== Dataset excerpt ==
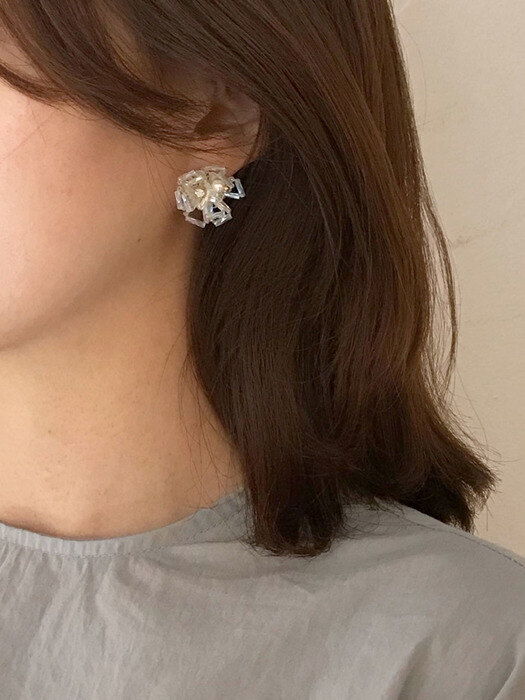 [은침/논피어싱] Pure Beads Pearl Flower Earrings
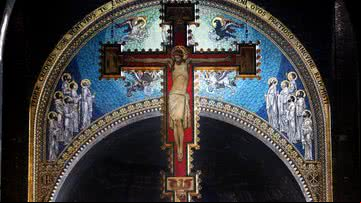 Cruz com uma pintura de Jesus Cristo sobre o altar da Catedral de Westminster - Getty Images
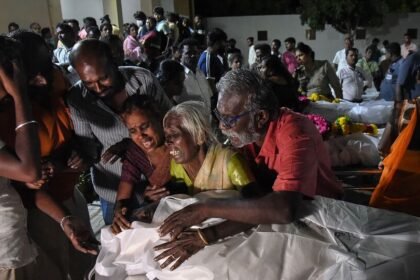 విజయ్ ర్యాలీ స్టాంపేడ్: కరూర్ సభ తొక్కిసలాటకు కారణం విజయ్? పోలీసులు ఏం ఏం చెప్పారంటే ..- విజయ్ ర్యాలీ పోలీసులలో స్టాంపేడ్‌కు దారితీసినది కారణాలు ఇస్తుంది,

== What needs to be done ==
Leave out the pictures and return the listing exactly.

== Answer to the problem ==
 [은침/논피어싱] Pure Beads Pearl Flower Earrings
 Cruz com uma pintura de Jesus Cristo sobre o altar da Catedral de Westminster - Getty Images
 విజయ్ ర్యాలీ స్టాంపేడ్: కరూర్ సభ తొక్కిసలాటకు కారణం విజయ్? పోలీసులు ఏం ఏం చెప్పారంటే ..- విజయ్ ర్యాలీ పోలీసులలో స్టాంపేడ్‌కు దారితీసినది కారణాలు ఇస్తుంది,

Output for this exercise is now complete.